A United Nations and World Bank plan designed to reduce the backlog of cases and corruption in the courts was adopted by Justice Minister Sanwar Danish, Attorney General Abdul Jabar Sabit and Supreme Court judges.
Afghans, when asked about their justice system, point to two square miles of mansions surrounded by high walls and armed guards in the Sherpur section of Kabul. While Sherpur means “Den of Lions” in Dari, the language spoken in Kabul, the neighborhood acquired its nickname because residents say corrupt officials and opium dealers stole the land.
“Poor people lived there, but their land was taken away from them starting in 2002 and their homes were destroyed,” Basir Naderi, 36, said at the Internet cafe he runs on a street near Sherpur. “How can we believe in justice when those big houses keep getting built and no one does anything about it?”
The “National Justice Program” adopted at Afghanistan’s Supreme Court building today is an acknowledgement that Afghans are turning increasingly to tribal and religious leaders, including the Taliban, for justice.
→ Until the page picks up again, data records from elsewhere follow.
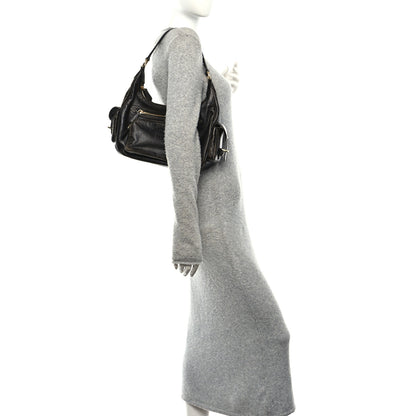 Miu Miu Distressed Nappa Large Multi Pocket Hobo Sand Coffee 2 of 9
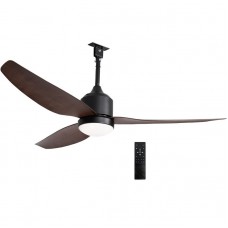 Ανεμιστήρας Οροφής Εξωτερικού Χώρου IP44 LED CCT 2600lm 30W Με 3 Πτερύγια Remote Control Καρυδιά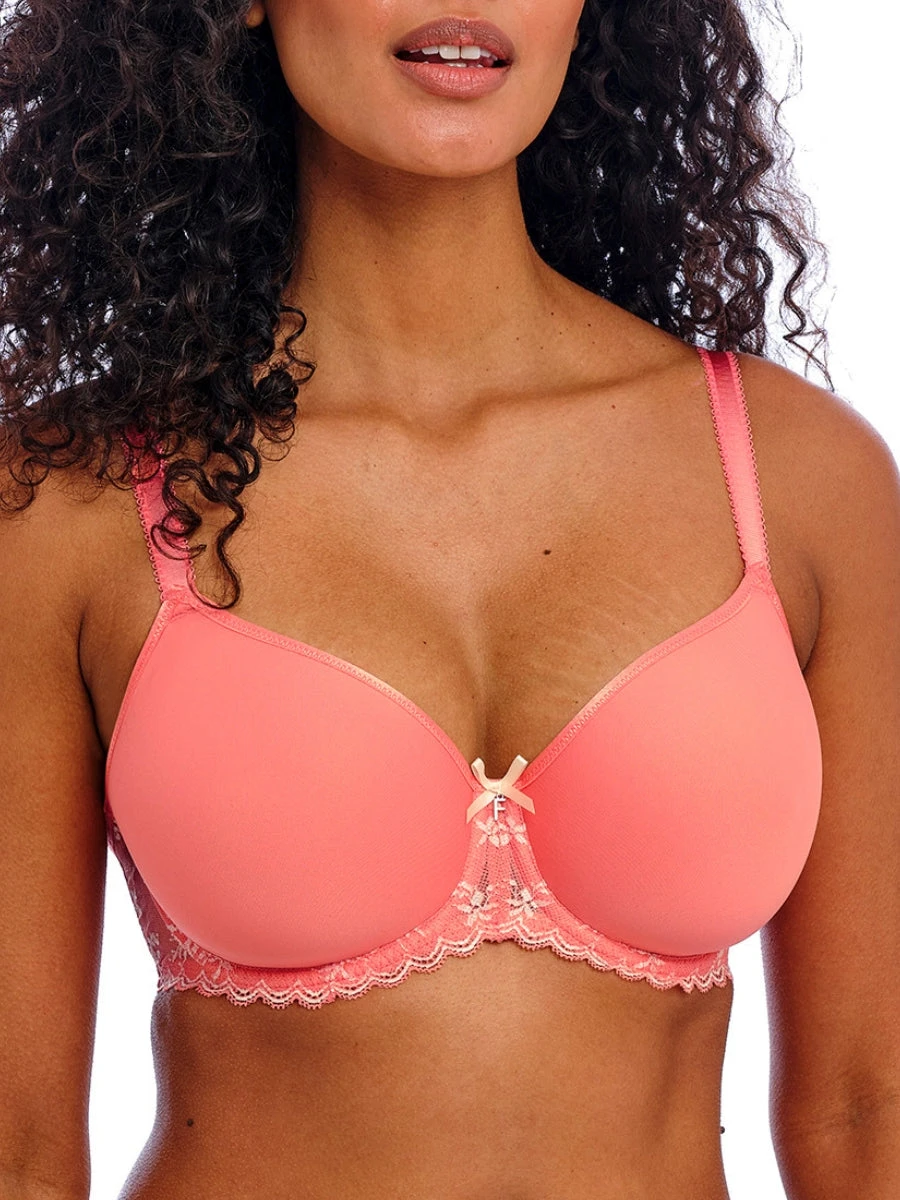 FREYA Offbeat Decadence Spacer Bra - Sunset Coral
The program will fund new courthouses, armored vehicles for judges to get to work safely, training for prosecutors and pay raises for people working in the judiciary.
“All the efforts to support the justice sector, which have been quite fragmented, will be embodied in a coherent, comprehensive program,” Chris Alexander, deputy head of the UN peacekeeping mission in Afghanistan, told reporters today. “There will be better pay and logistical support for the system.”
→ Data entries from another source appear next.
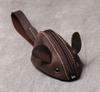 Genuine Leather Small Coin Purse Creative Lovely Rat Zipper Key Case Men Women Portable Key Wallets  Children's Key Bags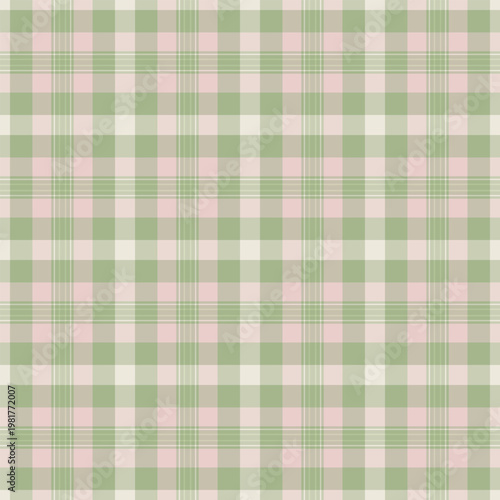 Ragged texture check vector, scrapbooking plaid pattern textile. Up tartan seamless fabric background in pastel and light colors.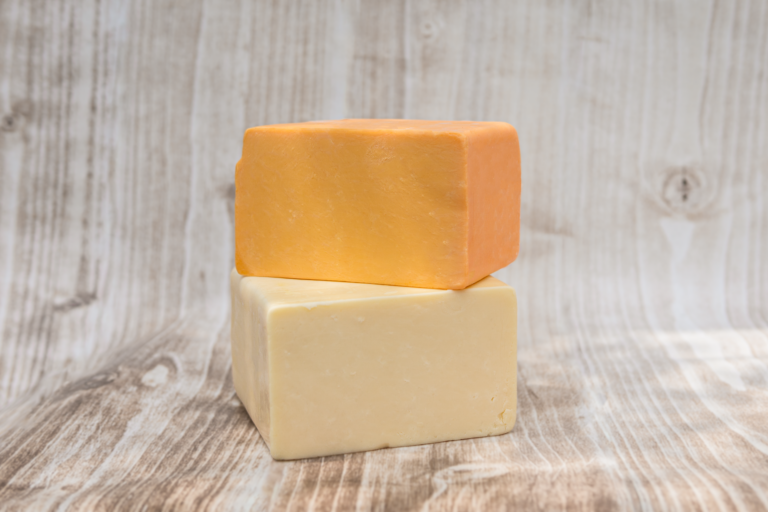 Cheddar cheese from Evelyn's Sausage Kitchen! They offer a large selection of cheddar cheese including mild, medium, old, extra old, 3 year old, 4 year old, 5 year old, and 6 year old cheddar cheese. Visit them in store in Shedden Ontario!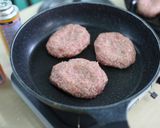 おやびんシンプルハンバーグ☆チーズイン作り方6写真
Improving the justice system is vital to the nation’s recovery from 30 years of civil wars and international intervention such as the 2001 U.S.-led invasion to oust the militant Islamic Taliban then ruling the country, according to Paul Fishstein, director of the Kabul-based Afghanistan Research and Evaluation Unit, which tracks the nation’s progress.
“The justice sector is just about universally considered to be one of the most problematic in terms of progress, and one of the most fundamental,” Fishstein, 55, said in an interview in his Kabul office. “It is something on which everything else stands, whether property rights, support for the state, or investment, because if there is no guarantee of property rights, people won’t make investments.”
President Hamid Karzai’s government, the U.S. and other major foreign donors have given “minimal attention” to improving the court system in recent years, the Washington-based Center for Strategic and International Studies said in a 2007 report.
“Most Afghans are reluctant to refer their cases to the formal court system because they are unable to afford the high levels of bribery required,” the report said. “A few Afghans, particularly in the south, are recalling the rule of the Taliban with nostalgia for a time when harsh justice was delivered against criminal actions.”
Many judges lack the most basic resources to administer justice, including law libraries, clerks and even electricity in courtrooms, according to Alexander. He said the justice system’s failings lead to more corruption because the government isn’t able to investigate and prosecute corruption cases.